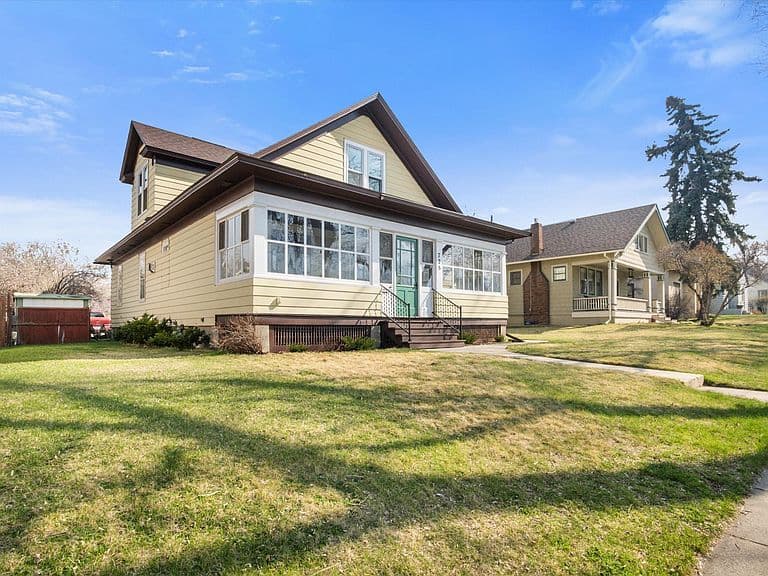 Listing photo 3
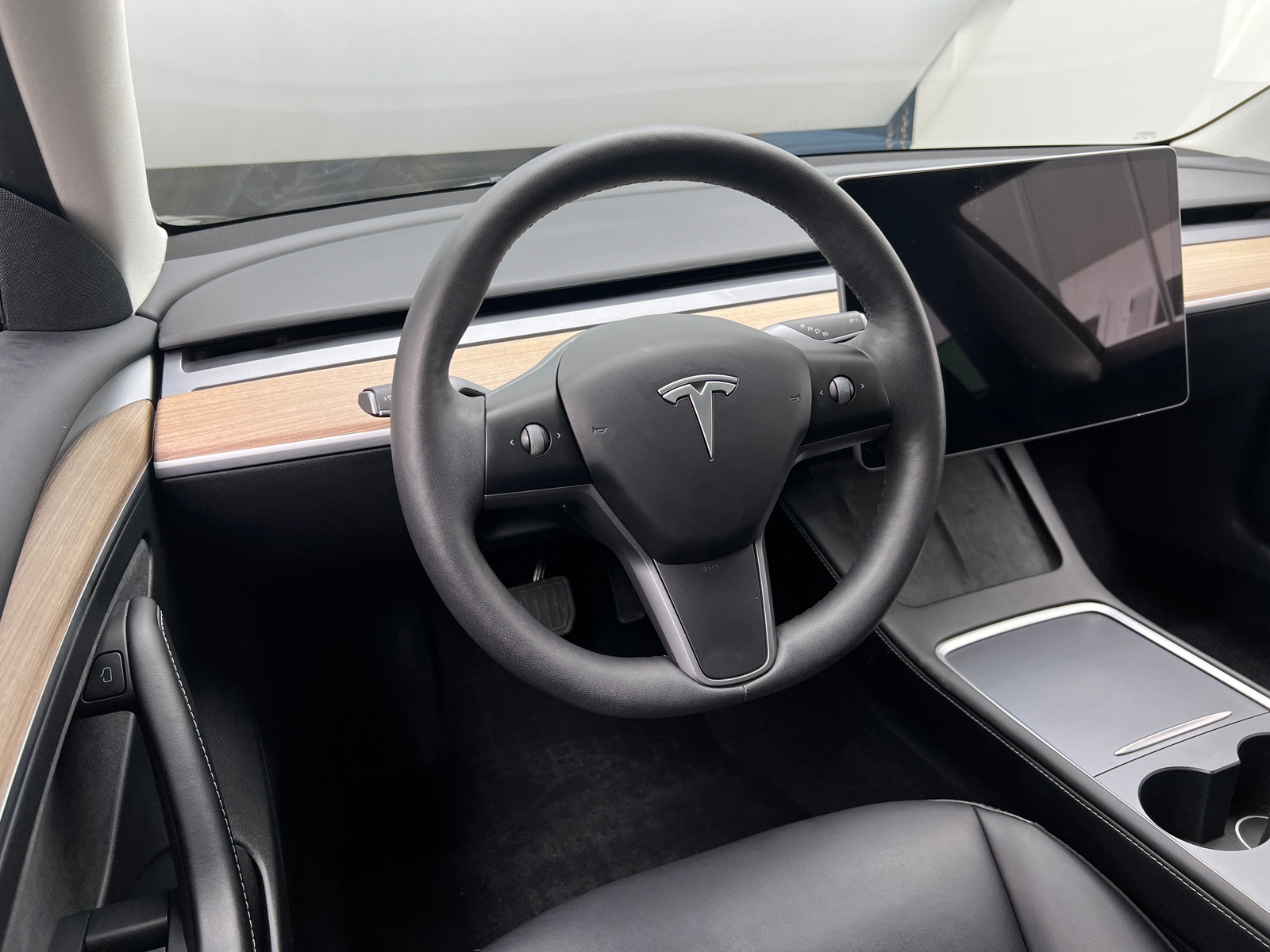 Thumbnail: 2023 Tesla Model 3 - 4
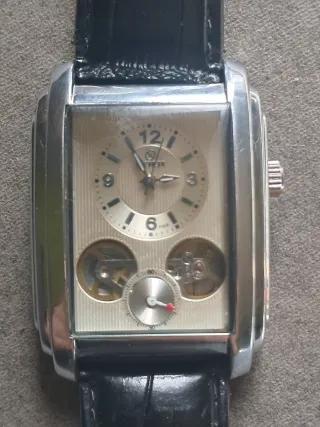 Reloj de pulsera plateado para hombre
━━━
• _Work order_
Only the pictures are to be left out; all other material is to be output exactly.

• _Task answer_
 Listing photo 3
 Thumbnail: 2023 Tesla Model 3 - 4
 Reloj de pulsera plateado para hombre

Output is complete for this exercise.